Sotomayor's Defense Of White Racist Speech Looms Large In Confirmation Battle

Sotomayor's Defense Of White Racist Speech Looms Large In Confirmation Battle

Of the thousands of cases decided by Judge Sonia Sotomayor, the one that could have the most influence on her confirmation for the Supreme Court involves the defense of New York City Police Department employee who was fired for distributing bigoted and racist material.

Sotomayor's opinion in the 2002 case of Pappas v. Giuliani does not seem like a judicial cause célèbre for progressives. But in the days since she was named Obama Supreme Court nominee, it has emerged as an effective counterweight to charges that she is a judicial activist bent on helping minorities like herself.

Those intimately involved in the case say that Sotomayor's dissent -- in which she defended the First Amendment rights of a employee who had distributed white supremacist material -- shows a type of jurisprudence diametrically at odds with the caricature painted by her conservative critics.

"It showed that she is not knee jerk when it comes to dealing with racial issues," said Chris Dunn, an attorney for the New York Civil Liberties Union who argued the defense. "That was the case in which she took the side of a person obviously engaging in racist conduct and recognized the important First Amendment interest that was represented. She respected that interest and stuck to it."

Thomas Pappas had worked in the New York City Police Department since January, 1982, primarily in the Management Information Systems Division. In August 1999, he was fired by then commissioner Howard Safir after it was discovered that he had mailed more than 200 pieces of racially insensitive and anti-Semitic material from his home to various political groups who had been soliciting him for donations. Among the more than 200 or so pieces of literature Pappas had sent out were pamphlets from the National Association for the Advancement of White People.

A member and chairman of the Populist Party of the Town of North Hempstead, whose platform included repealing the federal income tax and abolishing the IRS, Pappas sued Safir and New York City's Mayor Rudy Giuliani on grounds that they had violated his First Amendment rights. In October 2000, U.S. District Court Judge Naomi Reice Buchwald ruled that the NYPD had operated within the rule of law.

The case was appealed and in 2002 it found its way to the Second Circuit Court of Appeals. The three-judge panel, which included Sotomayor, considered two main components of the case: Whether Pappas's "speech" was of public concern and whether it had "interfered with" the NYPD's activities. Two of the three judges upheld the district court decision that it didn't matter that Pappas had sent these mailings anonymously from his private home. "Although Pappas tried to conceal his identity as speaker," they ruled, "he took the risk that the effort would fail."

While finding the speech "offensive, hateful and insulting," Sotomayor dissented.
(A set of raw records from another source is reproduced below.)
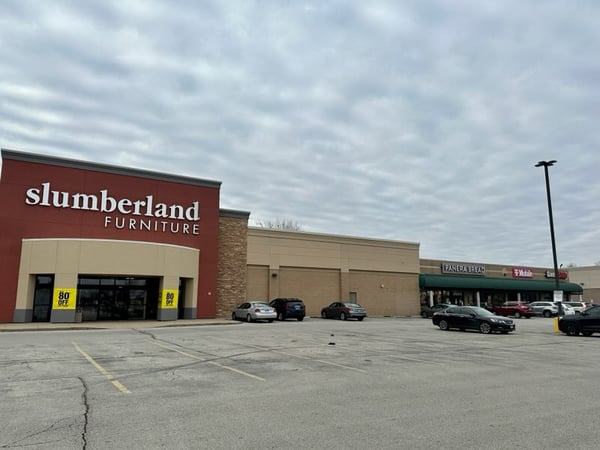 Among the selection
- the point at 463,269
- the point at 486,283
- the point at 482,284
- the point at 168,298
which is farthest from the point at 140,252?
the point at 486,283

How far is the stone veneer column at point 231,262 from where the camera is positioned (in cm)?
3466

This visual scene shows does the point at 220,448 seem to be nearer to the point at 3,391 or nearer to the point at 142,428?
the point at 142,428

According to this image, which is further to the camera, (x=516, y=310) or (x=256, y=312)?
(x=516, y=310)

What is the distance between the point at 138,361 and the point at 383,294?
35077 millimetres

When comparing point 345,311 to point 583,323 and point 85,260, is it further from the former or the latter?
point 85,260

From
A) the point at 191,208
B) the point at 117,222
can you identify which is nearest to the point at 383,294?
the point at 191,208

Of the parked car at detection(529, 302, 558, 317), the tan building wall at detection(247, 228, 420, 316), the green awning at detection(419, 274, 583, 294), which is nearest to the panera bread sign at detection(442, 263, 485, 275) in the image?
the green awning at detection(419, 274, 583, 294)

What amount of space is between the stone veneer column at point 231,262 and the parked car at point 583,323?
69.8 feet

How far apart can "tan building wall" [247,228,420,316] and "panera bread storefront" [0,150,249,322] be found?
326 centimetres

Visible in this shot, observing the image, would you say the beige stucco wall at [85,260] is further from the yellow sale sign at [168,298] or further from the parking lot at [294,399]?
the parking lot at [294,399]

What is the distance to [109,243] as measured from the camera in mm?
28391

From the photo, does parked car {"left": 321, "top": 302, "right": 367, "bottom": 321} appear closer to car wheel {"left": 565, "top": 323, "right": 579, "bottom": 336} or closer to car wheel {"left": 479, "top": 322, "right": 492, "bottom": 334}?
car wheel {"left": 479, "top": 322, "right": 492, "bottom": 334}

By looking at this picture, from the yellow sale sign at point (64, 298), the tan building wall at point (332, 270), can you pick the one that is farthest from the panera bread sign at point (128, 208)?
the tan building wall at point (332, 270)

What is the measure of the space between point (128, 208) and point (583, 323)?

Her basis was the precedent established by Rankin v. McPherson, in which the Supreme Court held that a public employee in Texas who cheered the assassination attempt on Ronald Reagan in a conversation with a fellow worker had not interfered with the office's operations, because her job did not require public contact. But Sotomayor also did not shy away from the constitutional implications of the Pappas case.

"I of course do not dispute the majority's premise that a public employee's free speech interest is often subordinated to the effective functioning of a government employer," Sotomayor's dissent read. "I also agree that it is appropriate to consider the agency's mission in relation to the nature of the speech, and I appreciate the enormous importance of race relations to the operation of the NYPD. These facts alone, however, do not support the constitutionality of the NYPD's termination of Pappas. The well-established case law of the Supreme Court and this Court requires a more searching inquiry."
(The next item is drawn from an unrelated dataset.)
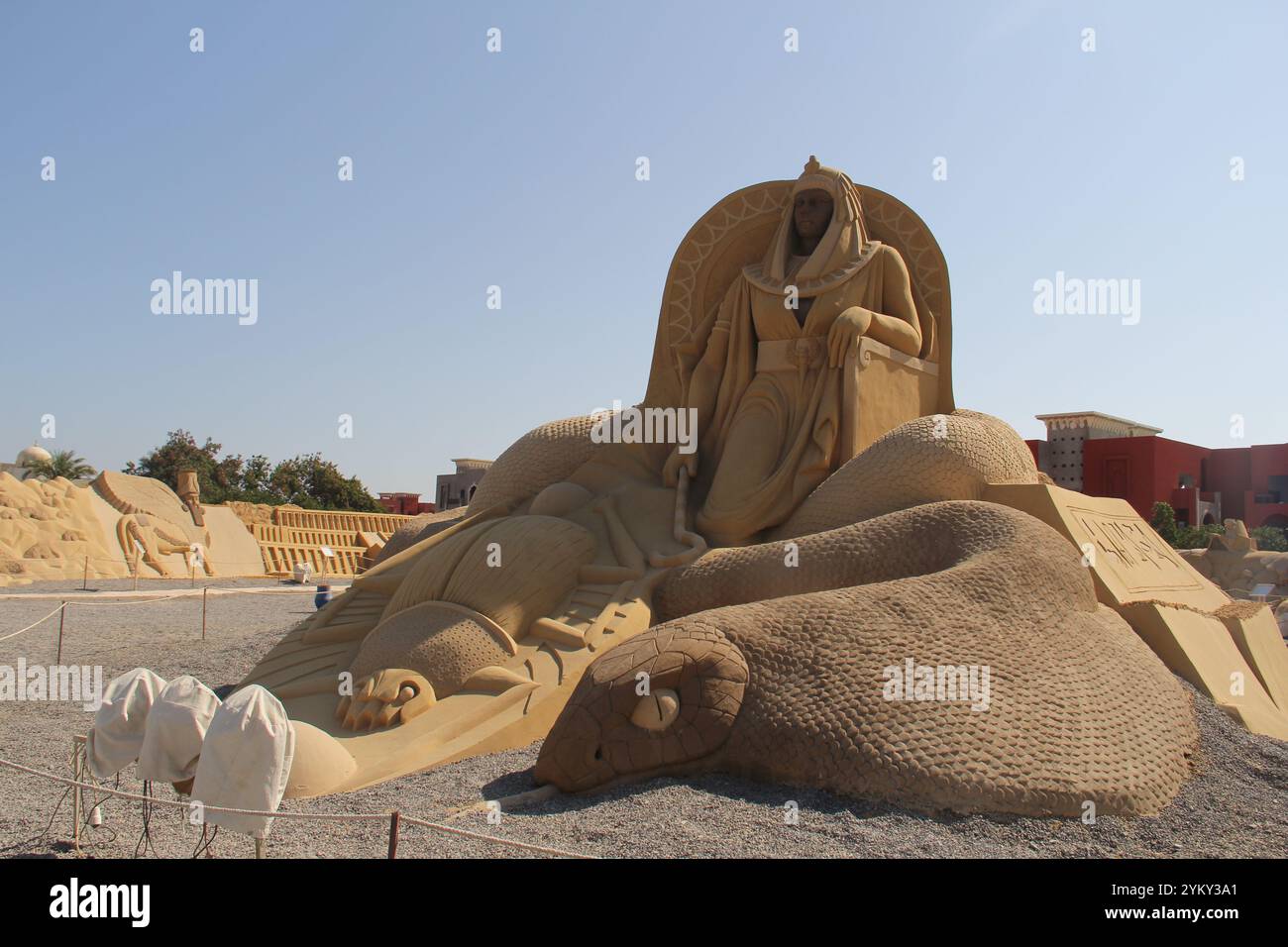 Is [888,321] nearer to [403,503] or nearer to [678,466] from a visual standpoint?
[678,466]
Seven years later, that opinion and those words in particular have struck observers as uniquely important aspects of Sotomayor's lengthy record. The political implications are obvious: A Latina judge accused of being a "reverse-racist" took the side of the white supremacist police officer at a time when the NYPD was widely resented and distrusted by New York's minority communities.
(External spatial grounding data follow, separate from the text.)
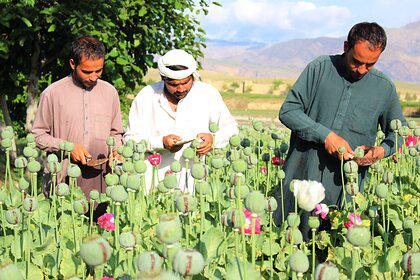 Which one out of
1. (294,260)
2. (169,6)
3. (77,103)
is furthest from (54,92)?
(169,6)

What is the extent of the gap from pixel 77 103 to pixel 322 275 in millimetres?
2561

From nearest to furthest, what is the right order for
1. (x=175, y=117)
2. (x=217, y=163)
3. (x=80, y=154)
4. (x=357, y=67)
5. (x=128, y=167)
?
(x=217, y=163) → (x=128, y=167) → (x=357, y=67) → (x=80, y=154) → (x=175, y=117)

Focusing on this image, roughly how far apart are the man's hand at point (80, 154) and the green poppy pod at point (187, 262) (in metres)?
2.18

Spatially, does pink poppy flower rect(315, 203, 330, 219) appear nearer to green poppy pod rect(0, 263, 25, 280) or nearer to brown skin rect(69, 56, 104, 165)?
brown skin rect(69, 56, 104, 165)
"Certainly during the Giuliani administration there were many instances where police officers engaged in racially insensitive conduct, at best, while on duty," said Dunn. "And so the easy thing for someone to do would be to say, 'let's fire someone for engaging in racially insensitive activity.' That would have been the easy out. It was certainly what people traditionally viewed as progressives were calling for. But she didn't accept that. She said that even though what this guy did may be racist, I will uphold his constitutional rights. And that is a position of principle."

Observers say Sotomayor's dissent also offers a vivid indication into what type of kind of judicial philosophy she will bring to the bench.

"What I found after looking at some of her statements is someone who I think takes the First Amendment extremely seriously," said Maria Blanco, Executive Director for the Chief Justice Earl Warren Institute at University of California, Berkeley. "She went with the facts. But what you see is she that she also put an extremely heavy burden of proof on a defendant who is trying to abridge privacy or First Amendment protections. That has not been the case with the Supreme Court in the past, though we have had some famous pro-First Amendment judges."

"I actually think that on these issues she may end up being a [Justice William] Brennan type," Blanco added. "That is just my instinct as a lawyer who has done constitutional law for many years."